Yes, they were exposed to fallout. The soldiers that took part in the live-fire tests were supposed to turn around and face the other direction when it was fired, but they turned back around to look at the mushroom cloud after it detonated. I remember seeing the film; most of the soldiers were in foxholes or trenches when they fired it, but after the shell detonated, I remember seeing them getting up out of their foxholes/trenches and watching the mushroom cloud billow skyward. This was before much was known about nuclear fallout; the long-term effects of exposure to radiation hadn't been investigated yet.


----------



## comiso90 (Sep 1, 2007)

cool footage:


_View: https://www.youtube.com/watch?v=9GQj-0bT2J0_

In the 50s, 60's, 70's The US was scared sh!tless at the prospect of engaging in a tank vs tank battle with the Warsaw Pact. Perhaps when the A-10, cobra and apache came on line we could have stood a chance.

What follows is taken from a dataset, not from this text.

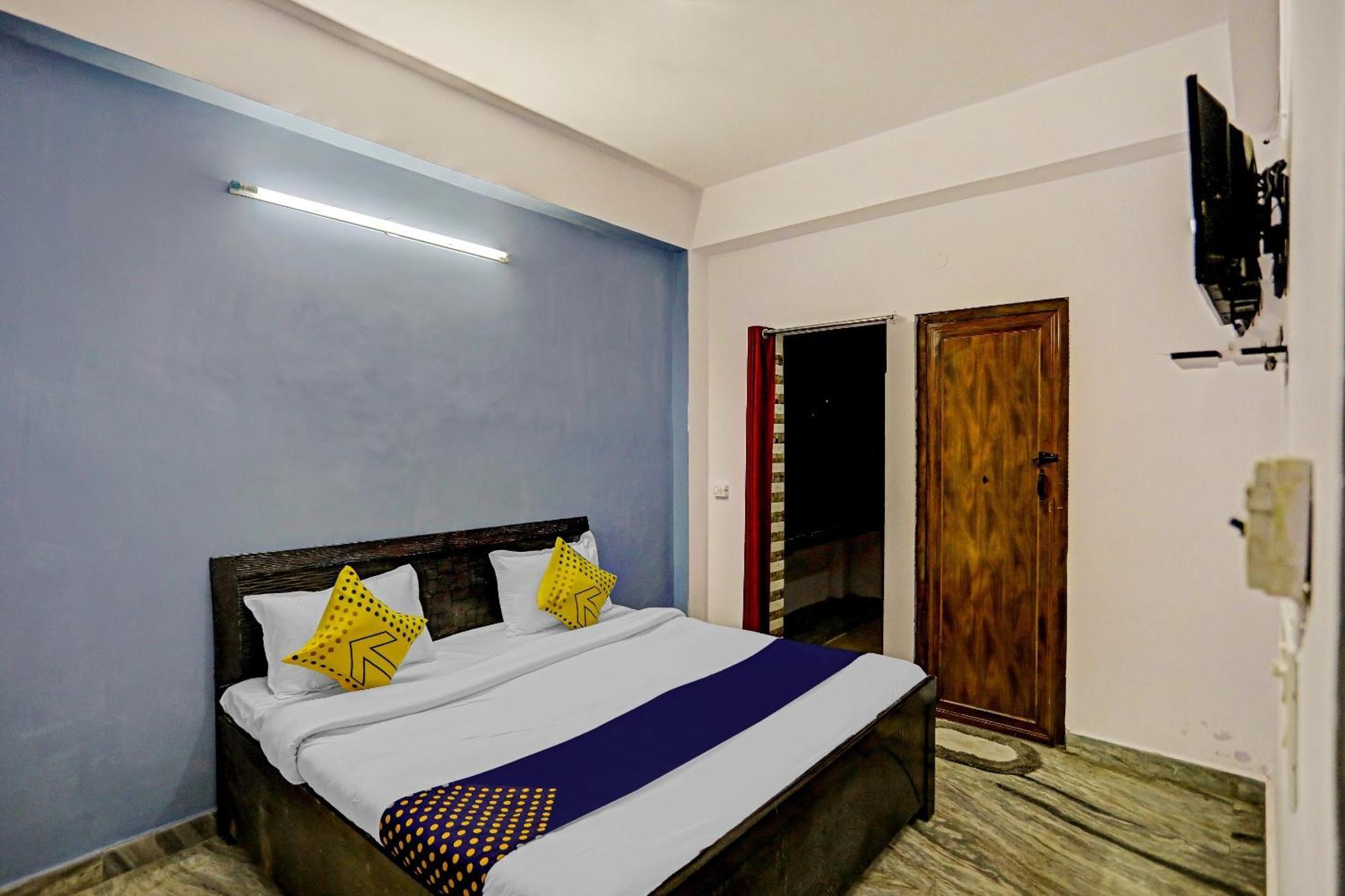 Spot On Raj Hotel Vip Near Worlds Of Wonder Kālkāji Devi 外观 照片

In the '50s, "Atomic Annie " was the ultimate anti-tank gun..

.


----------



## fer-de-lance (Sep 2, 2007)

Hey, that's nothing, the one weapon that is jokingly referred to have a Pk of 2.0 (100% guaranteed to kill the target ... and the user) is the "Davy Crockett" nuclear recoiless gun. 

The M28 120mm version only shoots the M-388 shell with a W54 nuclear warhead (0.01 to 0.25KT yield) 6,600ft (~1.98km)! At the shortest fuze setting, (1,000 ft), the shooter would probably get a radiation dose close to what is needed to kill 50% of those exposed! 

Cold War equivalent of the Soviet 45mm anti-tank guns nicknamed "Proschai Rodina" (Прощаи Родина!; Adieu Motherland). Supposedly, the gunners have to wait until the enemy tank gets so close to penetrate the armor that they expect to be killed after firing a single shot!


----------



## Seawitch (Nov 17, 2007)

This weapon sounds just like the Nuclear Howitzer my Father told me about, one was being transported by road in Germany and fell by the wayside somehow, he was among some Britsh troops helping the American unit tasked with geting back up a slope and onto the road again.
One heck of a job he said.


----------